(Provided data):

------------

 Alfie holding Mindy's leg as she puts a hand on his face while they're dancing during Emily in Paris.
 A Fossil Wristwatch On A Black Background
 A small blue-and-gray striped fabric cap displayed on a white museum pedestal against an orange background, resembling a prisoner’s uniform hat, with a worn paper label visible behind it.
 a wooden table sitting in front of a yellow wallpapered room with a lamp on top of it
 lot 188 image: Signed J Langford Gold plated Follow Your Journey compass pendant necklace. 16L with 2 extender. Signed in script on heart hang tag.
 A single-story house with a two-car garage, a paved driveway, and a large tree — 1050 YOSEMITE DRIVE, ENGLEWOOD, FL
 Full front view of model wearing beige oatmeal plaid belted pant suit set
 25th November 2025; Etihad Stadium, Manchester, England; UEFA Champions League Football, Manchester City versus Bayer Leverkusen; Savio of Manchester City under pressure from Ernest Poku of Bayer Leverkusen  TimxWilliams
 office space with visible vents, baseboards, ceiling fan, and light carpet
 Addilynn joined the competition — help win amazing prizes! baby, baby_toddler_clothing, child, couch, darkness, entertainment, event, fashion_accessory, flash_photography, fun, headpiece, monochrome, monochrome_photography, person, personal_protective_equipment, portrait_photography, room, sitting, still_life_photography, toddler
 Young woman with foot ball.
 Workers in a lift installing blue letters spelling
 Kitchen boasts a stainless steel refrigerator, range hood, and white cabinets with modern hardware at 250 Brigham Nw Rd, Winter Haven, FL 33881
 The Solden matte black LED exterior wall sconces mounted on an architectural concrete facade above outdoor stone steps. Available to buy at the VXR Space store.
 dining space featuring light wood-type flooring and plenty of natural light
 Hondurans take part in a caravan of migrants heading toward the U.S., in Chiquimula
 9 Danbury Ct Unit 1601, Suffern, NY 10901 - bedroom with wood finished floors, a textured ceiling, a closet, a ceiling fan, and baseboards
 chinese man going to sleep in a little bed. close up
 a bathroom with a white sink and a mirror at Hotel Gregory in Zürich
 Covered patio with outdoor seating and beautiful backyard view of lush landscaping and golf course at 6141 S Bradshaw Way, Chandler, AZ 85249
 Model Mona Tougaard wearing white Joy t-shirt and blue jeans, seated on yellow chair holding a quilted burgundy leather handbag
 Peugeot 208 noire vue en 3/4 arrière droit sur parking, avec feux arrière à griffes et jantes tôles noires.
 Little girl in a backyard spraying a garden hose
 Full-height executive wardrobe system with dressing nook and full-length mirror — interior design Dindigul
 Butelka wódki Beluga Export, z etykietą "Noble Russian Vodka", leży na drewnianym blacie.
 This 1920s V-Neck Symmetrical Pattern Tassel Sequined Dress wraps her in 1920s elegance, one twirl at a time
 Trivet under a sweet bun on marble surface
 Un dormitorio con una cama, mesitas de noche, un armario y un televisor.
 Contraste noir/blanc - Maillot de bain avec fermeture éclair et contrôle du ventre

------------

(Activity): Would you copy the data exactly as shown above?

(Written response):
 Alfie holding Mindy's leg as she puts a hand on his face while they're dancing during Emily in Paris.
 A Fossil Wristwatch On A Black Background
 A small blue-and-gray striped fabric cap displayed on a white museum pedestal against an orange background, resembling a prisoner’s uniform hat, with a worn paper label visible behind it.
 a wooden table sitting in front of a yellow wallpapered room with a lamp on top of it
 lot 188 image: Signed J Langford Gold plated Follow Your Journey compass pendant necklace. 16L with 2 extender. Signed in script on heart hang tag.
 A single-story house with a two-car garage, a paved driveway, and a large tree — 1050 YOSEMITE DRIVE, ENGLEWOOD, FL
 Full front view of model wearing beige oatmeal plaid belted pant suit set
 25th November 2025; Etihad Stadium, Manchester, England; UEFA Champions League Football, Manchester City versus Bayer Leverkusen; Savio of Manchester City under pressure from Ernest Poku of Bayer Leverkusen  TimxWilliams
 office space with visible vents, baseboards, ceiling fan, and light carpet
 Addilynn joined the competition — help win amazing prizes! baby, baby_toddler_clothing, child, couch, darkness, entertainment, event, fashion_accessory, flash_photography, fun, headpiece, monochrome, monochrome_photography, person, personal_protective_equipment, portrait_photography, room, sitting, still_life_photography, toddler
 Young woman with foot ball.
 Workers in a lift installing blue letters spelling
 Kitchen boasts a stainless steel refrigerator, range hood, and white cabinets with modern hardware at 250 Brigham Nw Rd, Winter Haven, FL 33881
 The Solden matte black LED exterior wall sconces mounted on an architectural concrete facade above outdoor stone steps. Available to buy at the VXR Space store.
 dining space featuring light wood-type flooring and plenty of natural light
 Hondurans take part in a caravan of migrants heading toward the U.S., in Chiquimula
 9 Danbury Ct Unit 1601, Suffern, NY 10901 - bedroom with wood finished floors, a textured ceiling, a closet, a ceiling fan, and baseboards
 chinese man going to sleep in a little bed. close up
 a bathroom with a white sink and a mirror at Hotel Gregory in Zürich
 Covered patio with outdoor seating and beautiful backyard view of lush landscaping and golf course at 6141 S Bradshaw Way, Chandler, AZ 85249
 Model Mona Tougaard wearing white Joy t-shirt and blue jeans, seated on yellow chair holding a quilted burgundy leather handbag
 Peugeot 208 noire vue en 3/4 arrière droit sur parking, avec feux arrière à griffes et jantes tôles noires.
 Little girl in a backyard spraying a garden hose
 Full-height executive wardrobe system with dressing nook and full-length mirror — interior design Dindigul
 Butelka wódki Beluga Export, z etykietą "Noble Russian Vodka", leży na drewnianym blacie.
 This 1920s V-Neck Symmetrical Pattern Tassel Sequined Dress wraps her in 1920s elegance, one twirl at a time
 Trivet under a sweet bun on marble surface
 Un dormitorio con una cama, mesitas de noche, un armario y un televisor.
 Contraste noir/blanc - Maillot de bain avec fermeture éclair et contrôle du ventre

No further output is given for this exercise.